Abgesehen davon: Wie oft ist es passiert, dass wir Werbung für Feriendestinationen gesehen haben, die uns nicht interessieren? Das kommt ständig vor, aber diese Fälle nehmen wir kaum wahr, weil nur die Treffer ins Schwarze in Erinnerung bleiben.

Die Datensammler sind geduldig

Unterschätzt wird die Geduld der Datensammler: Sie lassen über Wochen und Monate unzählige Datenpunkte in die Profile einfliessen, die sie von uns erstellen. Wie detailliert, zutreffend und gelegentlich auch inkorrekt das ist, lässt sich für Google unter adssettings.google.com einsehen: Dort treffen Sie nicht nur die Einstellungen zur personalisierten Werbung, sondern sehen auch, welche Interessen Google bei Ihnen vermutet.

Sie werden (wahrscheinlich) überrascht sein, wie viele das sind – und es dürften auch einige Fehleinschätzungen in der Liste auftauchen.
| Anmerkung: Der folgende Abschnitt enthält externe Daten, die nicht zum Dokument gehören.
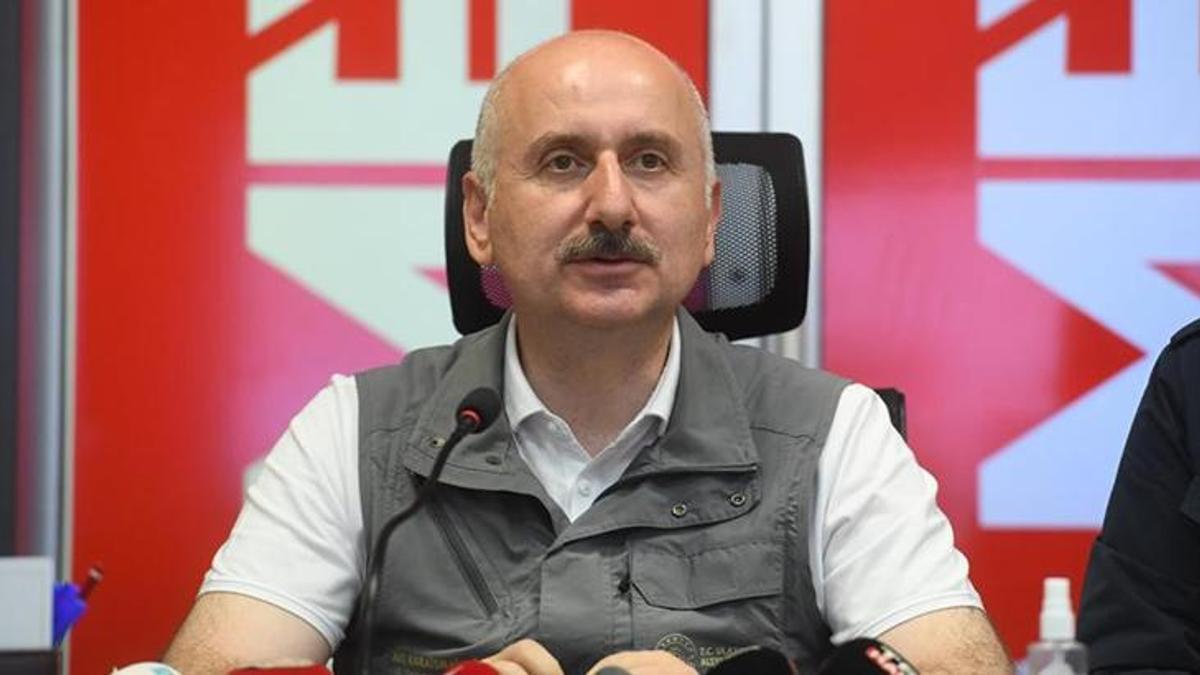 Bakan Karaismailoğlu, sel mağdurlarına seslendi: Maddi kayıplar kısa sürede telafi edilecektir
Aber vermutlich werden Sie kein Thema vorfinden, bei dem Sie garantiert sicher sein können, dass Sie noch nie danach gegoogelt haben. Denn während wir uns nicht an jede Webrecherche erinnern können, werden die bei den Techkonzernen minutiös festgehalten.
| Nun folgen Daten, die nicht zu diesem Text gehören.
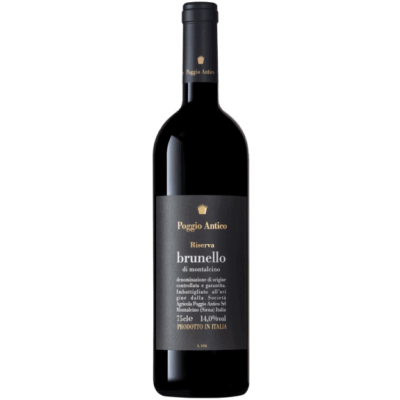 Poggio Antico Brunello di Montalcino Riserva 2017 (6x75cl)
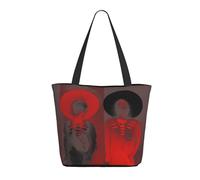 ODZCSYWVY Women's Attack Hop Music Band Massive Tote Bag fashionable Shopping Bag Personalized pattern Shoulder bag for Birthday Girls Mom Friends Teachers Gym Travel and Work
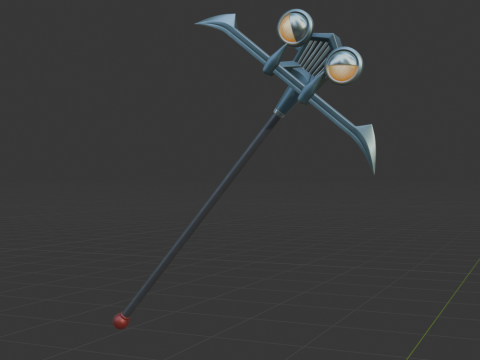 De Vils Grille - Fortnite Model 3D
In dieser Liste steht, was Google über den Autor zu wissen glaubt. Vieles davon stimmt, doch bei erstaunlich vielen Punkten hat sich Google verhauen: Bildungsgrad und Elternstatus sind falsch, das Interesse für Fahrzeuge und Heimwerken ist marginal, und Haustiere sind nicht vorhanden.

Soziale Netzwerke bewerben nicht Einzelpersonen, sondern Gruppen

Es kann tatsächlich sein, dass Sie Werbung für ein Produkt erhalten, zu dem Sie selbst keine Websuche durchgeführt haben. Ein solcher Vorfall lässt sich erklären, wenn wir annehmen, dass Facebook uns nicht als Einzelpersonen bewirbt, sondern zusammen mit Freundinnen und Freunden als Gruppe.

Ein hypothetisches Beispiel: Alina interessiert sich aus unerfindlichen Gründen plötzlich für Haikus, die Kunstform der japanischen Kurzgedichte. Begeistert schwärmt sie bei einem Strawberry-&-Cream-Frappuccino ihrem Freund Ben von ihrem neuen Hobby vor. Ben findet diese Haikus schräg genug, dass er während der Yogastunde seiner Freundin Chiara davon erzählt.

Weil alle drei auch online miteinander befreundet sind und vom Facebook-Algorithmus dem gleichen Dunstkreis zugerechnet werden, kommt Facebook auf die Idee, Chiara eine Werbung zu einem dreiwöchigen Haiku-Kurs in Yokohama anzuzeigen, bei dem auch japanische Kalligrafie gelehrt wird. Und voilà: Chiara sieht Werbung zu einem Thema, das sie nur aus einem Offline-Gespräch mit Ben kennt.